I had the exact same feeling too. It smells very sweet even after 1 week in the fermenter. I had thought that it wasn't fermenting but the gravity reading seems to tell me otherwise.
Anyways, keeping the beer for 6 months is beyond my self control. lol


----------



## Fatgodzilla (19/4/08)

solidghost said:


> I had the exact same feeling too. It smells very sweet even after 1 week in the fermenter. I had thought that it wasn't fermenting but the gravity reading seems to tell me otherwise.
> Anyways, keeping the beer for 6 months is beyond my self control. lol



Then put away a few for a few months in the future and see how much they improve with time. Best of luck.


----------



## dc59 (19/4/08)

Only brewed this guy once and didn't bother reading the label properly. Only afterwards did I notice the instructions not to boil the kit (which I of course did), I believe it is because they used some method of late hopping the kit I believe.

Anyone know why your not suppose to boil this particular kit. I checked with the east india pale ale kit and they make no mention of not boiling the kit so it might be limited to the BML kit.

Dave


----------



## beerbeergloriousbeer (19/4/08)

The instructions state that it has been roll boiled and if you boil again it will destroy the hop aroma. I have read that they use a Hallertau hop oil in these cans. It must do something to the oil????


----------



## Fatgodzilla (19/4/08)

beerbeergloriousbeer said:


> The instructions state that it has been roll boiled and if you boil again it will destroy the hop aroma. I have read that they use a Hallertau hop oil in these cans. It must do something to the oil????




Its been a much discussed argument whether boiling the worts has much impact on either the malts in the wort or the hops in the wort. It will probably take out some hop aromas. Bitterness ? Dunno. If you do boil add more hops for aroma. I find if I'm adding extra malt, I want more hops anyway to keep at the least the same bitterness levels. Why you boiling it anyway ?


----------



## dc59 (19/4/08)

If I'm using a kit I usually bring it up to a boil to kill off any bugs, more recently I've been mashing about 2kg of grain and after bringing that to a boil for 5 min (again to kill off any bugs) than turn off heat and dissolve kit and any other adjunct into solution.

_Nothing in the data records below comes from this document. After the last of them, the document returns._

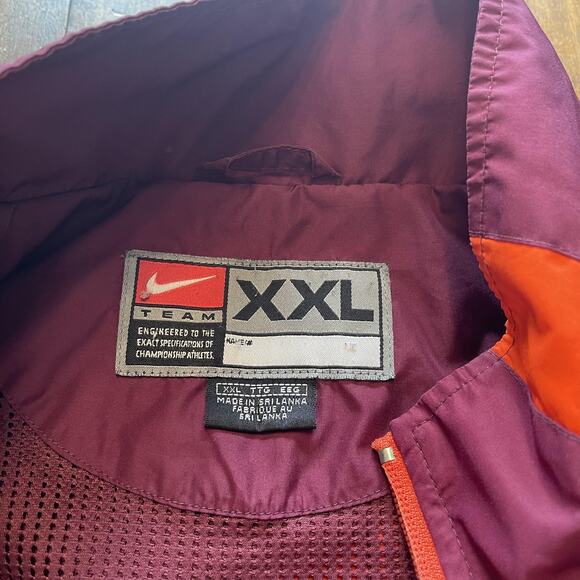 Virginia Tech Hokies Jacket Mens 2XL Maroon NCAA Football Nike Clima Fit VT XXL - Picture 11 of 14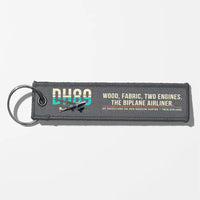 Thumbnail for de Havilland DH.89A Dragon Rapide Aviator Key Chains - Gray - Original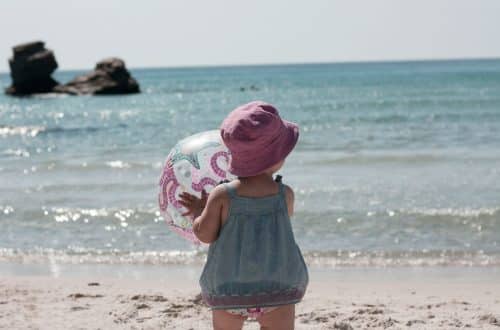 stranddag met kinderen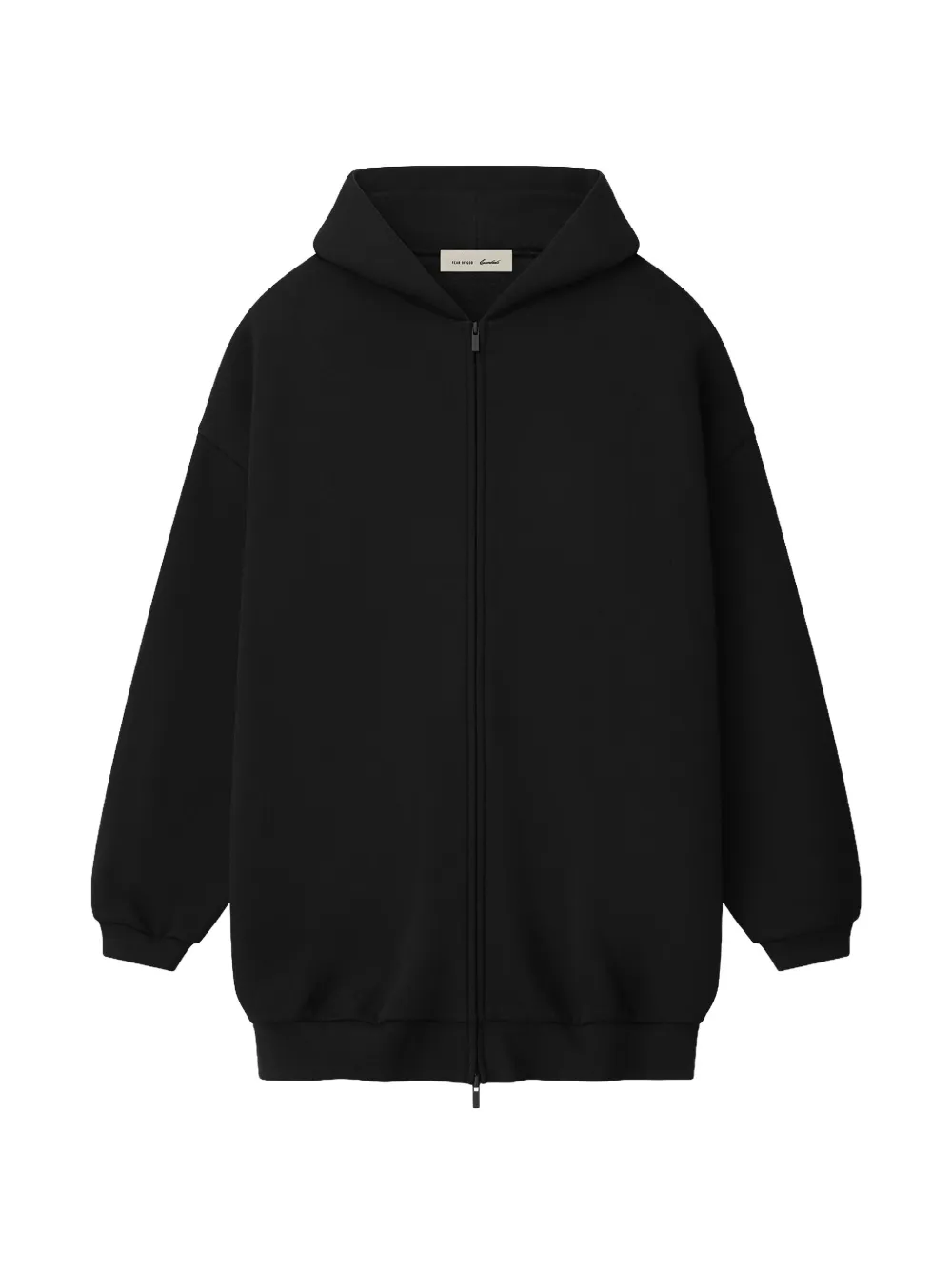 Black hoodie, front view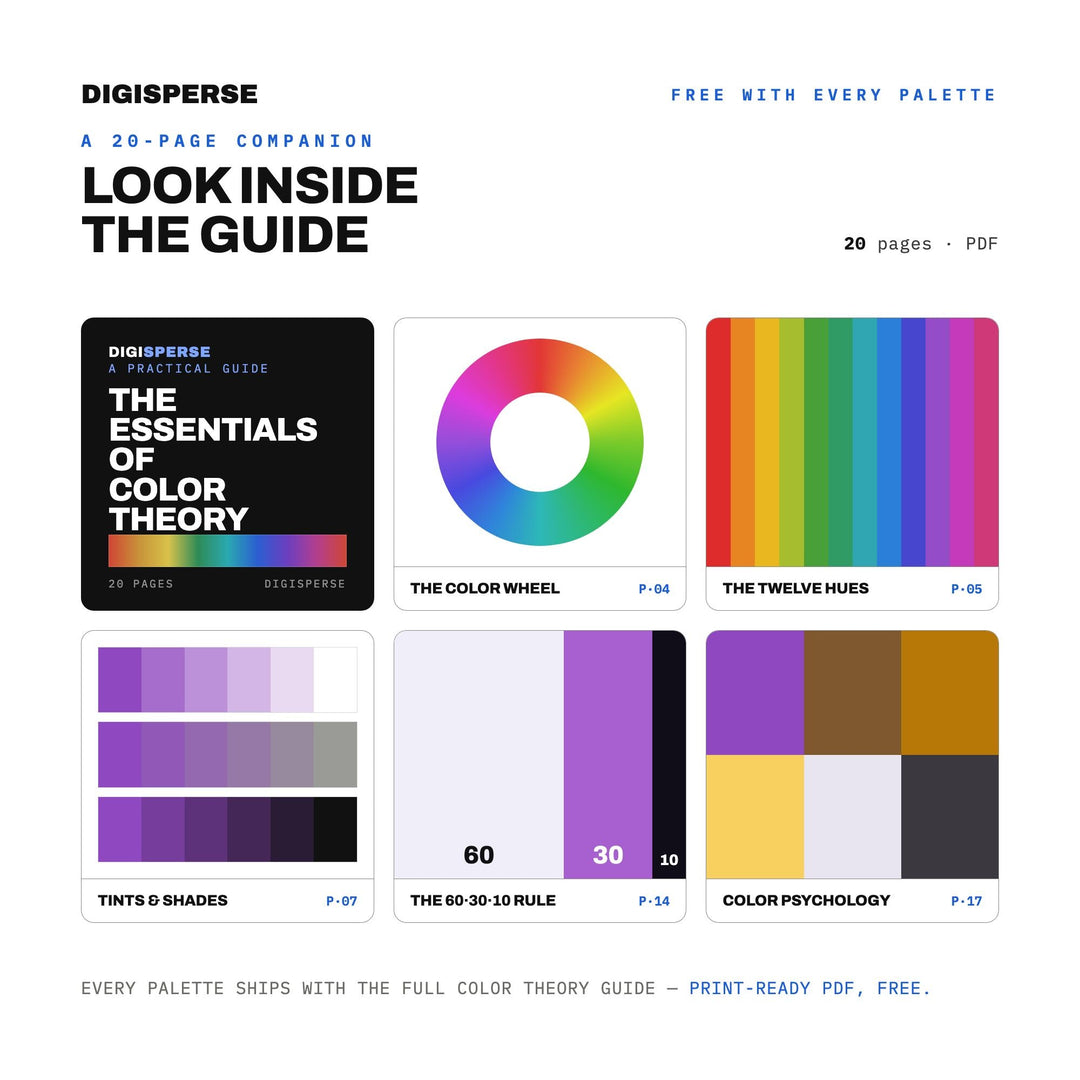 Oracle Color Palette | 30 Colors | Hex RGB CMYK | Color Guide | Procreate Swatches + ASE | Digital Download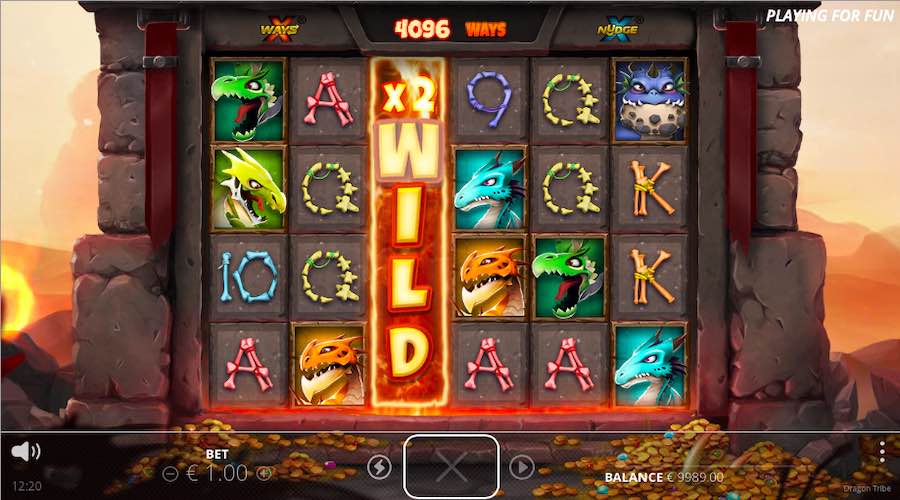 Xnudge Wilds Can Hold Up To A X6 Value On Dragon Tribe Slot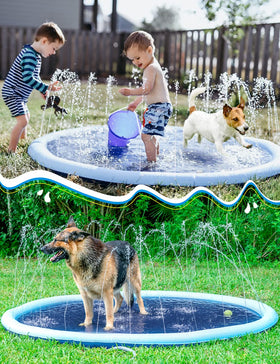 Jasonwell Splash Pad Sprinkler easy setup with garden hose connection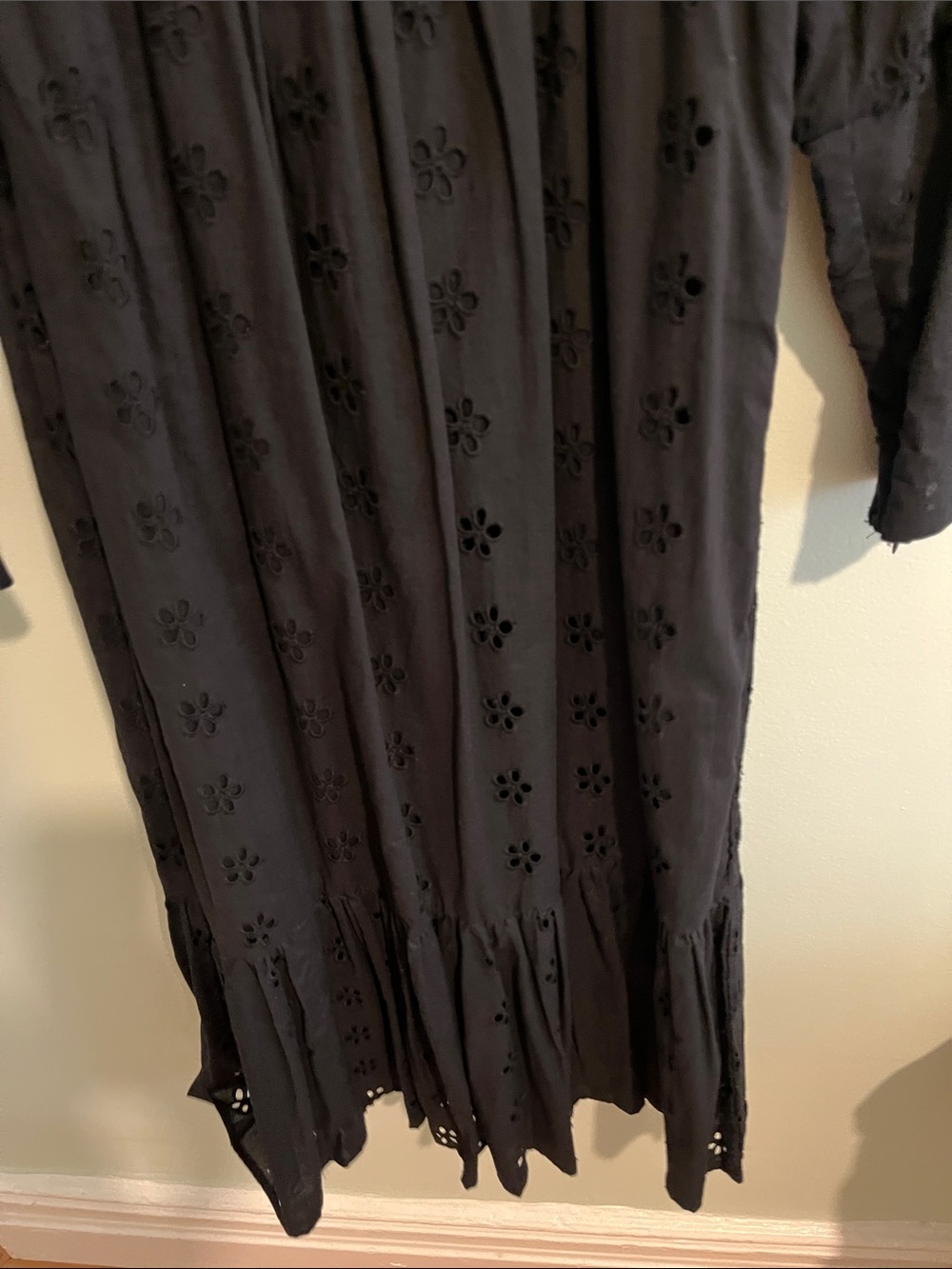 ASOS Black Eyelet Ruffle Maxi Dress - Picture 4 of 5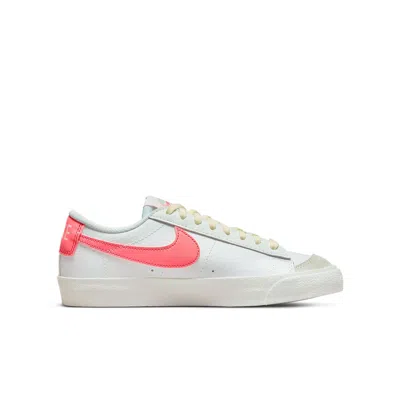 Nike (gs)  Blazer Low '77 'white Pink Gaze' In Neutral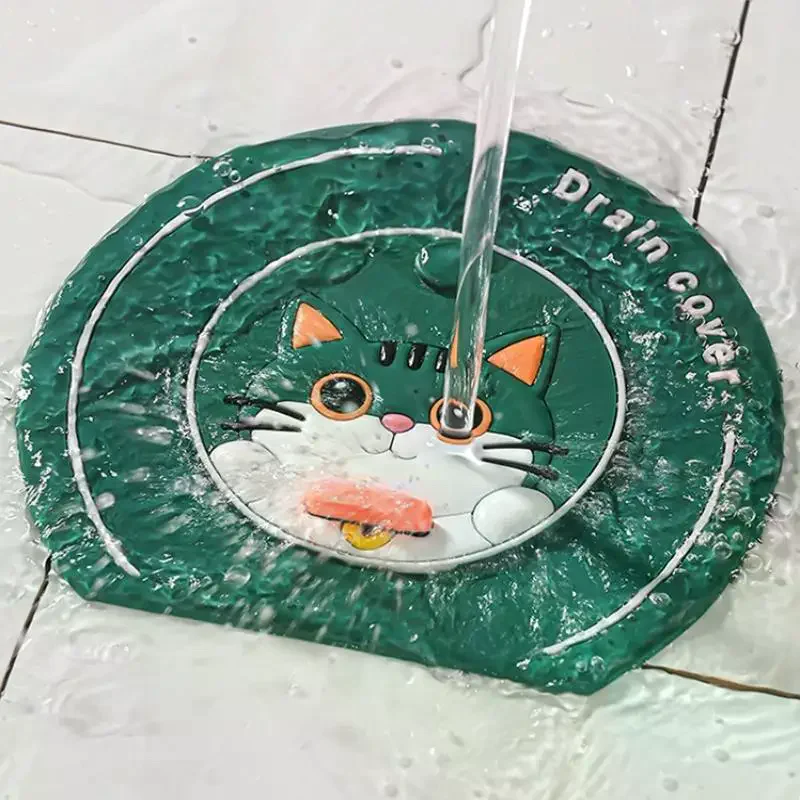 Floor Drain Cover Reusable Drain Stopper Sewer Pipe Cover Anti-Odor Bathtub Shower Drain Plug Universal -proof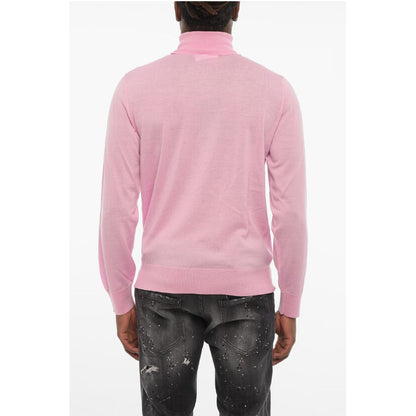 Dsquared² Turleneck Sweater with Ton On Ton Monogram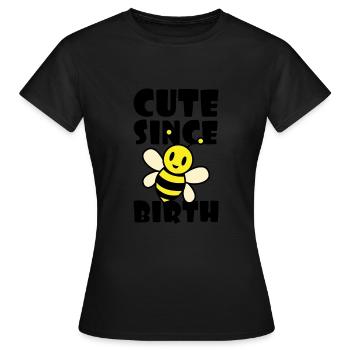 Demonstration Nachhaltig - Frauen T-Shirt - Schwarz - Vorne - AI Model Female 172 dark (172cm)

My lesson was learnt and I always read labels of kits before I do anything nowadays.

Dave


----------



## solidghost (19/4/08)

I was thinking that doing a short boil should be okay and it will allow you the flexibility of adding hops to your wort. Just boil enough to kill any bacteria off.


----------



## AlwayzLoozeCount (19/4/08)

Dravid said:


> Only brewed this guy once and didn't bother reading the label properly. Only afterwards did I notice the instructions not to boil the kit (which I of course did), I believe it is because they used some method of late hopping the kit I believe.
> 
> Anyone know why your not suppose to boil this particular kit. I checked with the east india pale ale kit and they make no mention of not boiling the kit so it might be limited to the BML kit.
> 
> Dave



I think it says on the can dont boil it because they have tried to get the flavour/bittering right before you make it blah blah blah. boiling it will reduce the bitternes I think. Their kits do seem ok tho, the royal oak amber ale stuff is nice and it says dont boil the kit on the can (dont boil the can on the kit?), I think it even says dont put boiling water in, use hot tap water so as not to ruin the taste. I think the morgans kits make better beer than coopers kits tho, not so much tin twang...


----------



## solidghost (20/4/08)

I had though that boiling will increase the bitterness but will reduce the flavour/aroma?


----------



## dc59 (20/4/08)

Yeah thats true. The longer you boil the more you break down the oils that give aroma and flavour. Aroma will generally be driven off after just 5 min of boiling and flavour about the 30 min mark of boiling, leaving mainly just the bittering which will continue to increase the longer it is boiled.


----------



## Mclovin (20/4/08)

I am brewing one up now, according to the instructions under the cap, you add 4 ltrs of water at about
75 'C.


----------



## Arioch (23/4/08)

Dravid said:


> Yeah thats true. The longer you boil the more you break down the oils that give aroma and flavour. Aroma will generally be driven off after just 5 min of boiling and flavour about the 30 min mark of boiling, leaving mainly just the bittering which will continue to increase the longer it is boiled.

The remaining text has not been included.